The word has become such a cliché that any element of surprise (and therefore political efficacy) it might have had years ago, say in the era of Eve Ensler’s The Vagina Monologues, is gone. Remember the endless pictures of women with cardboard signs on Facebook: “If I Wanted the Government in My Vagina, I’d Fuck a Senator,” and variations on that theme? Well, these slogans may have once had a certain shock value, a momentary focusing of the mind on the more important political issues at hand, which are, of course, not about vaginas, but about civil liberties. (“Conservative lawmakers have been feverishly at work enacting laws designed to shove the whole government into your vagina.”) But as the trope has entered into that phase of its life cycle that is shopworn cliché, it is no longer fresh or startling. It’s simply irritating, predictable, boring. And it is detracting attention from the real issue which is not “your vagina” but larger things like health care and Roe v. Wade.

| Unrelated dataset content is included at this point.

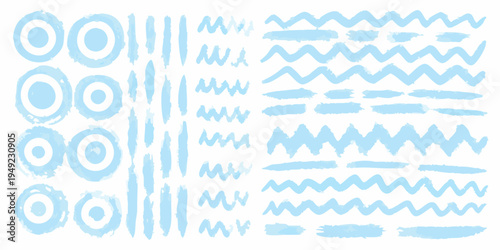 Abstract light blue brushstrokes forming various geometric patterns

Vagina: A New Biography by Naomi Wolf.

Ecco, September 2012.

Some will argue that by using the word so casually and constantly, they are reclaiming it, and therefore affirming their power over their own bodies. But one of the reasons not to succumb to the temptation of that argument is that the word-drop confirms a certain perception about narcissistic, navel gazing urban, liberal elites. To try so hard to be shocking, or to be ironically referencing the fact that you are not being shocking, is in fact, in any kind of political discourse, to reduce the level of the conversation to you; to draw attention to yourself—“Hey look at me! Aren’t I cool for using this word and irritating and shocking some theoretical Southern senator?”—rather than, for instance, seeing or taking in the nuances of the political landscape and discussing them.

And if you were tempted to think, in the quiet of midsummer, that those cool and daring girls who talk loudly about their vaginas might be vacationing on Martha’s Vineyard and losing interest in talking about their vaginas, or your vagina, or someone else’s vagina, you will be disheartened to see that in a few short weeks, in September, Naomi Wolf’s new book, Vagina: A New Biography, will hit the weary shelves of Barnes and Noble. And if you thought that book might not include the simple, mindless chanting of the word I have been currently lamenting, you would be sadly mistaken. In the conclusion Wolf quotes with great approval some girls who stand up in their high school assembly and shout: “Vagina! Vagina! Vagina!” Will we ever leave that halcyon high-school moment behind?